Wednesday, February 2, 2011
Written by Matt Jessee

Fourth Quarter GDP Released

On Friday, the Department of Commerce announced that the U.S. economy grew at a 3.2% rate in the fourth quarter, an improvement from the 2.6% pace in the prior period. For all of 2010, GDP grew by 2.9% after contracting by 2.6% in 2009. The report showed that fourth quarter numbers were boosted by strong personal spending, reflected in the best holiday retail sales since 2006. The report also showed U.S. exports accelerated while the rate of import growth slowed. Company investments also helped the economy, although business spending for equipment and software slowed.

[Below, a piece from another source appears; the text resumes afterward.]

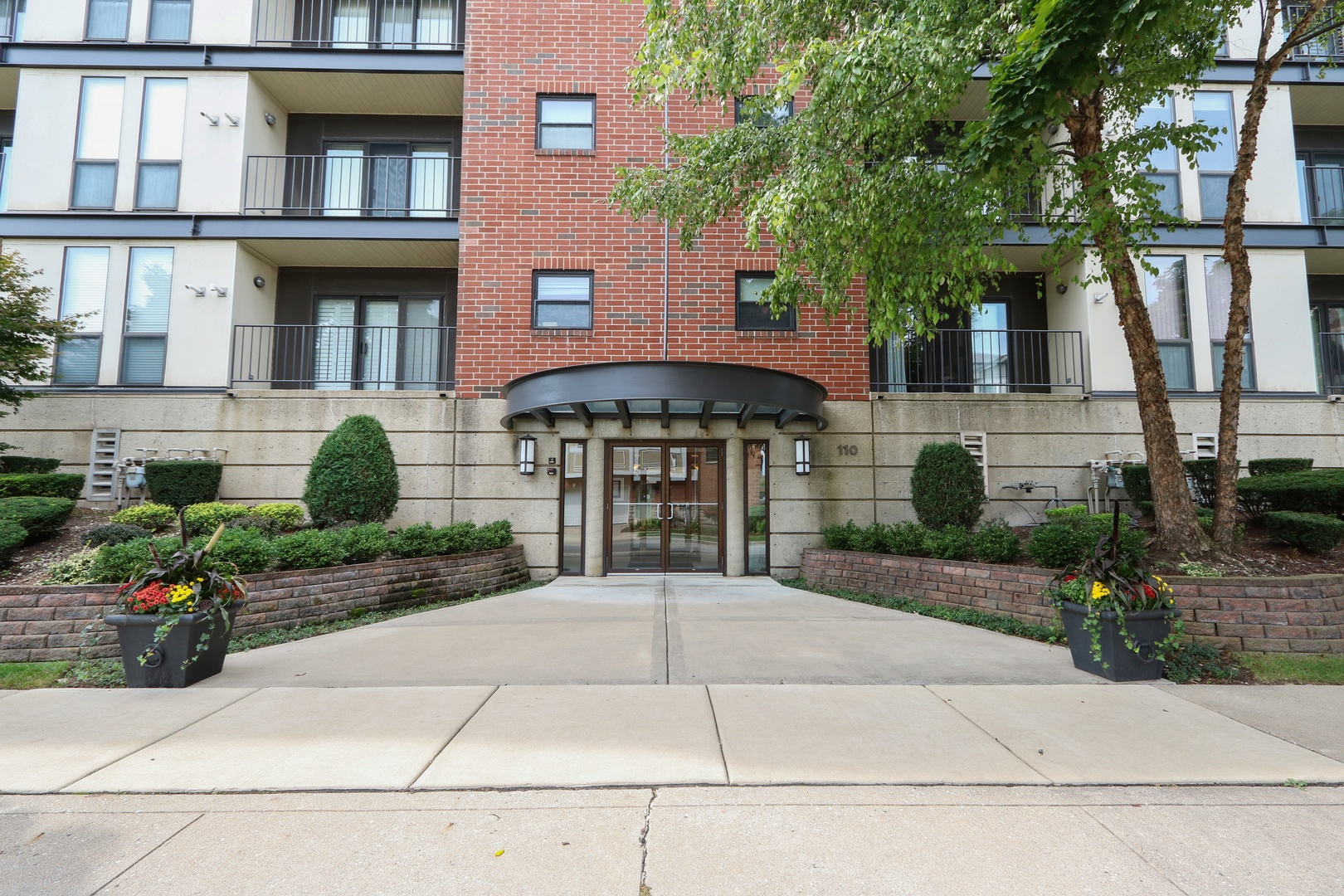 110 S Evergreen Avenue 5cn Arlington Heights Il 60005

IMF Report Criticizes US Debt

On Thursday, the International Monetary Fund issued a report criticizing the U.S. response to its rising public debt. The IMF report focused on criticism that the United States is falling behind on a promise it made to other top economic countries to halve its budget deficit by 2013. At a gathering of the world’s top economic leaders in Canada last summer, U.S. officials promised to reduce the deficit to roughly 6 percent of gross domestic product. However, according to data released this week by the Congressional Budget Office (CBO), recent tax cuts and expected spending will keep the annual deficit this year at about 10 percent of GDP.

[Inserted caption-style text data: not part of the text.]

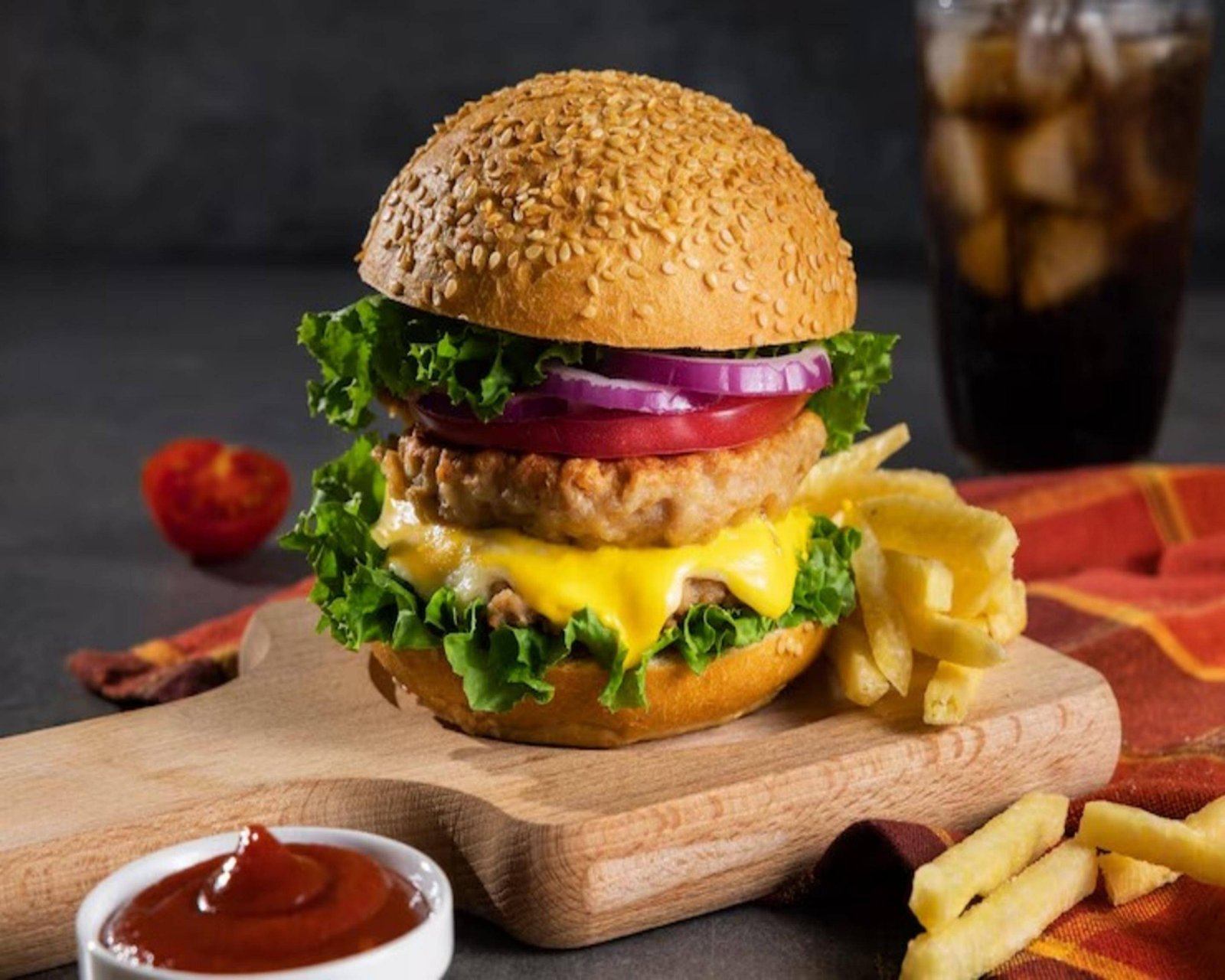 Burger City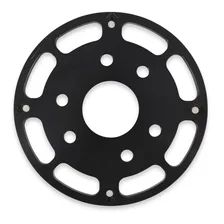Crank Trigger Wheel Kit - Flying Magnet - SBC - 6.25 in. for Chevrolet image 2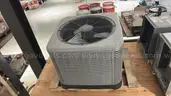 Lot of 4 HVAC Units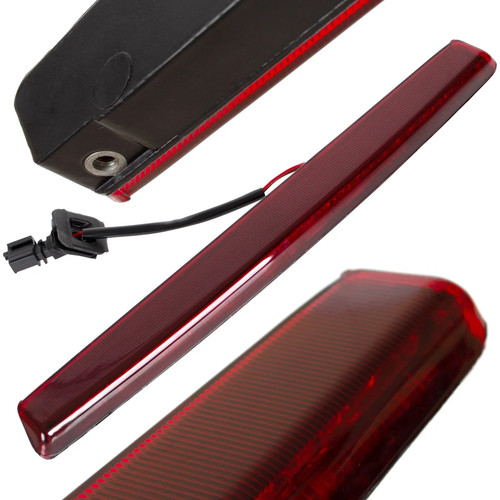 Troisième feu stop led - led, leon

Financial Crisis Inquiry Commission Releases Final Report

On Tuesday, the Financial Crisis Inquiry Commission (FCIC) releases its final majority and dissent reports. The majority report concluded that the 2008 financial crisis was caused by the Fed’s ” pivotal failure to stem the flow of toxic mortgages,” the SEC ” [not] requiring more capital and halted risky practices,” and banks ” recklessly taking on too much risk, with too little capital, and with too much dependence on short-term funding.” The dissent report signed by FCIC Vice Chair Bill Thomas and Commissioners Douglas Holtz-Eakin and Keith Hennessey criticized the majority’s report for being ” more an account of bad events than a focused explanation of what happened and why.” The dissent also focused it blame for the crisis on policymakers who “poorly designed government housing policies that distorted market outcomes and contributed to the creation of unsound mortgages.”